This morning was my six week postpartum checkup. It was quick and painless. Finally something was painless!
Physical exam was fine. My second degree tear, whatever that means, has healed completely and my uterus and cervix are back to their non-pregnant state.
Before I saw my doctor the nurse had me fill out a questionnaire about my mood since Nora’s birth. Well of course I marked I’m sad most days, I feel discouraged, sometimes hopeless… I’ve been taking 50mg daily of Zoloft for as far back as I can remember. I hate that I rely on something to make me feel ‘okay’ but such is life I guess. Could certainly be worse. After reviewing my questionnaire my doctor recommended increasing my dose to 100mg per day. She said very little transfers to breast milk and Zoloft is still considered safe when breast feeding. I pray this to be true. So I’ll try this increase and see how I feel. I honestly think my sadness is situational and hope it improves once Nora is home and my life feels a bit more stable.

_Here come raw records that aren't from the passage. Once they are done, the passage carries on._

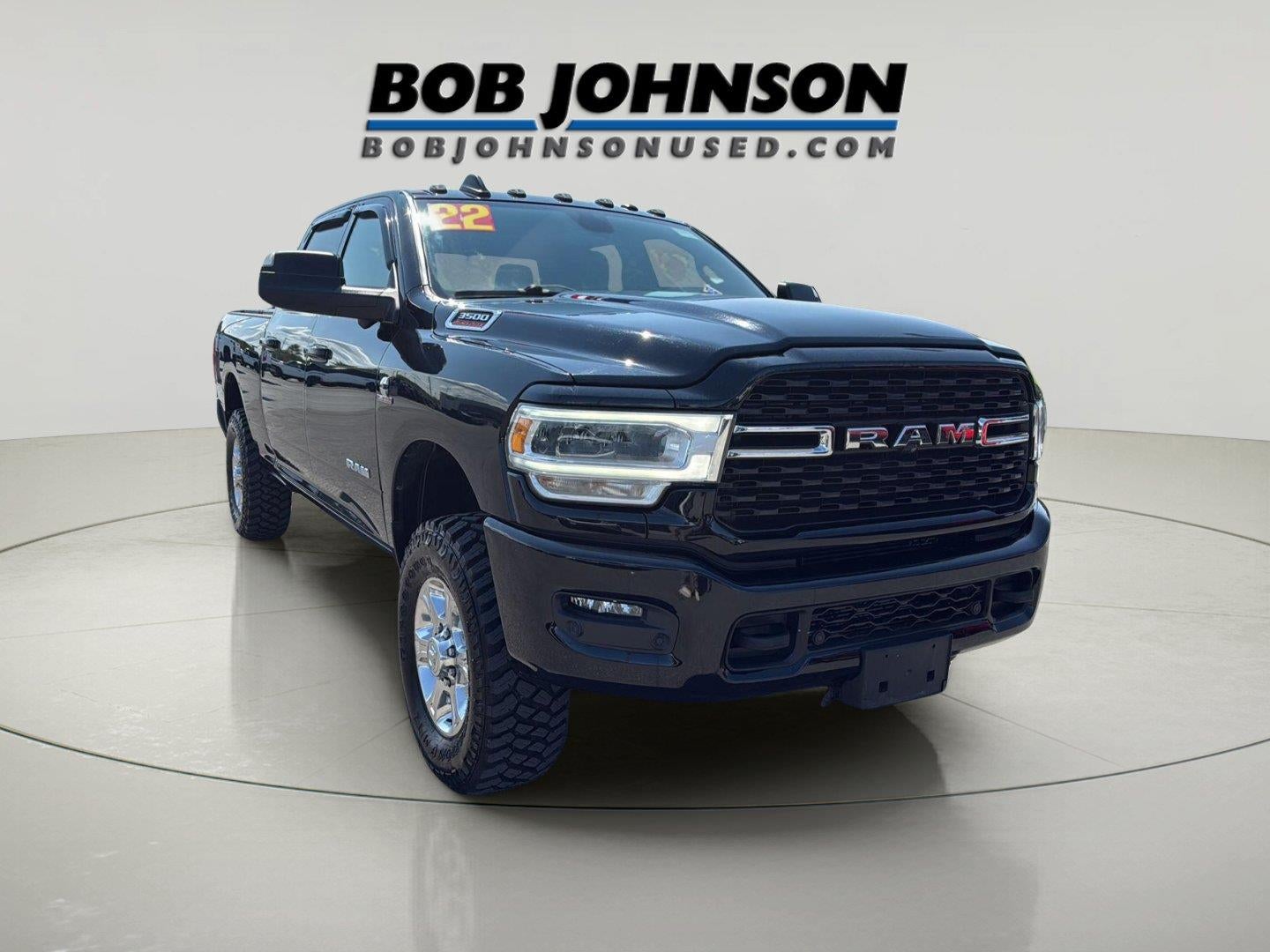 2022 RAM 3500 Big Horn Crew Cab 4x4 6'4" Box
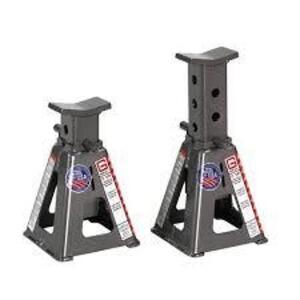 DESCRIPTION: (1) SET OF (2) VEHICLE SUPPORT STAND BRAND/MODEL: GRAY #11N152 INFORMATION: 50000 LB CAPACITY RETAIL$: $501.00 EA QTY: 1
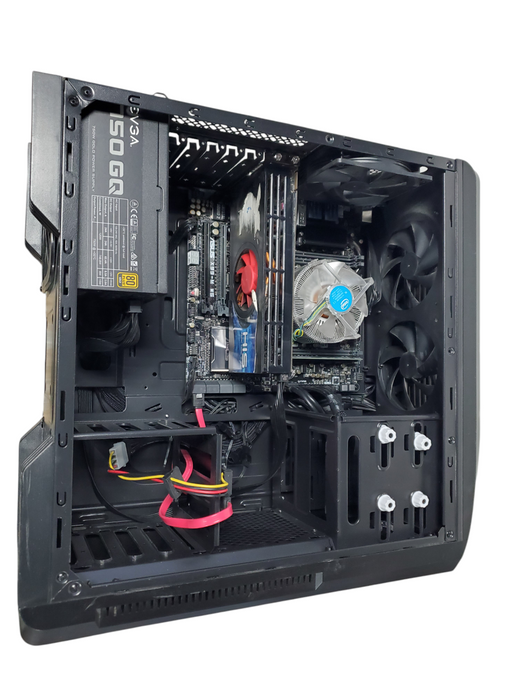 CUSTOM PC ASUS X99-M WS i7-6800K EVGA 750GQ 16GB RAM 256GB SSD NO OS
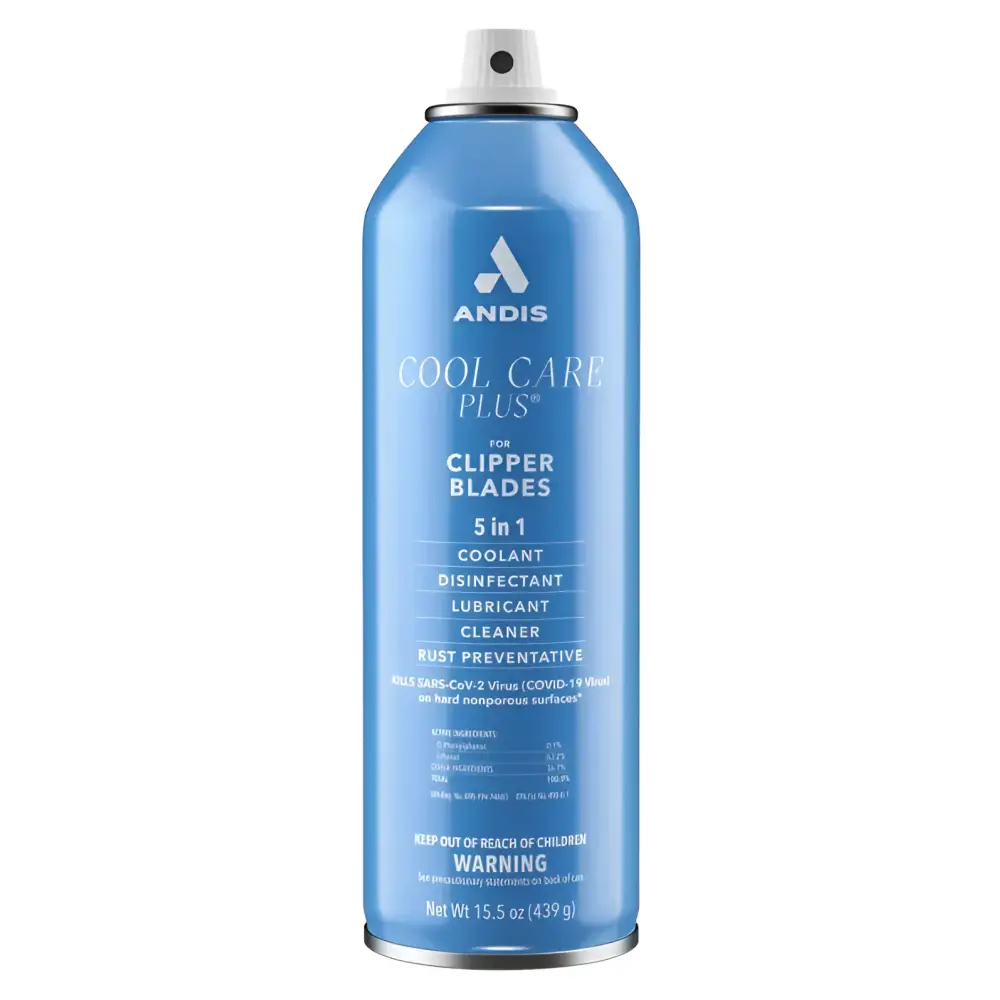 Andis Cool Care Plus Can 15.5oz#12750 - Clippercide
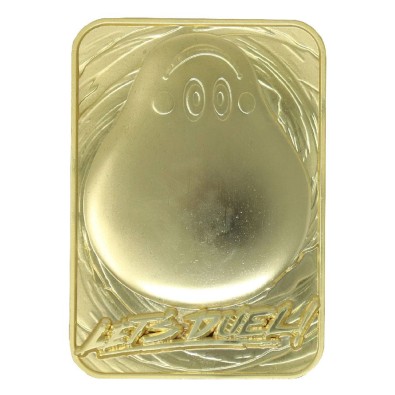 Yu-Gi-Oh! Replica Card Marshmallon (gold-plated)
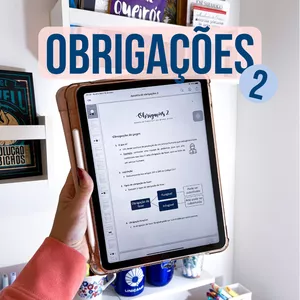 Imagem de capa para o Ebook Obrigações 2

Last on the agenda this morning was birth control. I’m still feeling like it’s pointless given the road which has lead me here… My doctor recommended a progesterone only pill since I’m nursing. I’ll start it Sunday. I do want more children, but at this point I’m not sure my body should carry them.
When I left my appointment this morning I was asked to set up my next appointment, an annual exam in May of 2016. Um, say what? For the past almost two years I’ve had weekly, sometimes several a week, doctors appointments. Talk about a strange adjustment! I walked back to my car with an odd sense of finality. Odder even since this pregnancy is truly over but yet Nora is still not home.